## DATA
- Opening Delimiter -

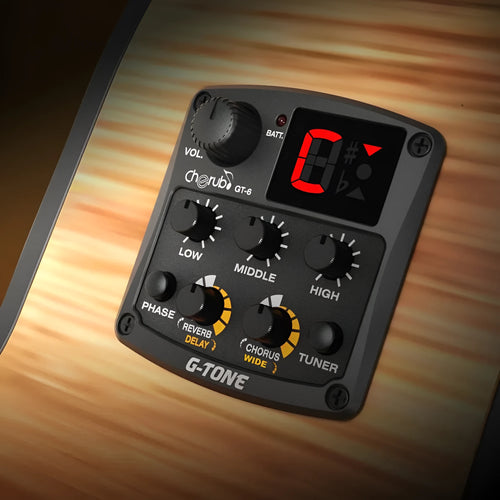 Black Cherub GT-6 acoustic guitar soundhole pickup unit with EQ and effects knobs.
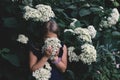 Cute little girl smelling lilac Royalty Free Stock Photo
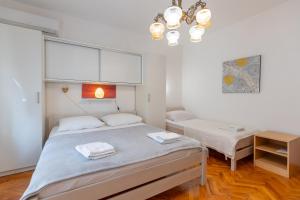 a bedroom with a large bed and a table at Tinka, Zimmer No 3 in Starigrad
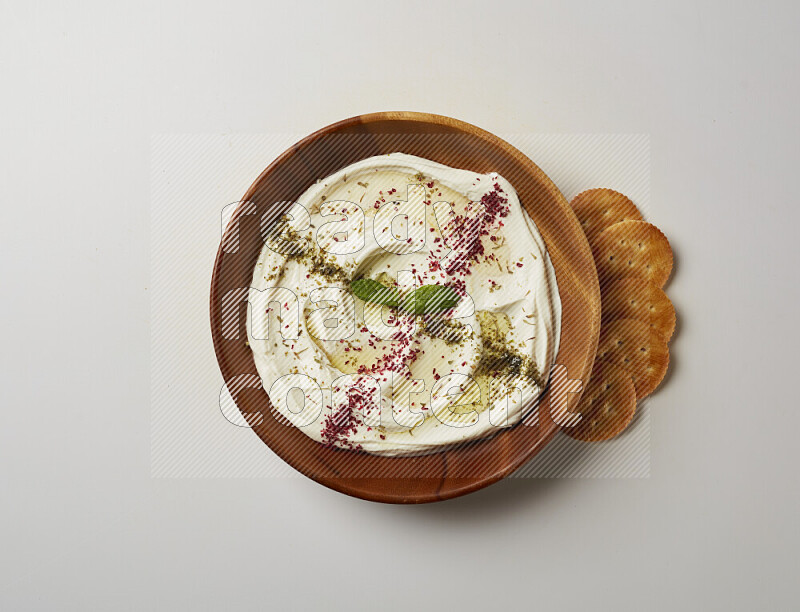Lebnah garnished with  zattar , sumak & mint in a wooden plate on a white background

- Closing Delimiter -

## WHAT YOU ARE ASKED TO DO
Omit pictures and output the listing exactly.

## SOLUTION FOR THIS EXERCISE
 Black Cherub GT-6 acoustic guitar soundhole pickup unit with EQ and effects knobs.
 Cute little girl smelling lilac Royalty Free Stock Photo
 a bedroom with a large bed and a table at Tinka, Zimmer No 3 in Starigrad
Lebnah garnished with  zattar , sumak & mint in a wooden plate on a white background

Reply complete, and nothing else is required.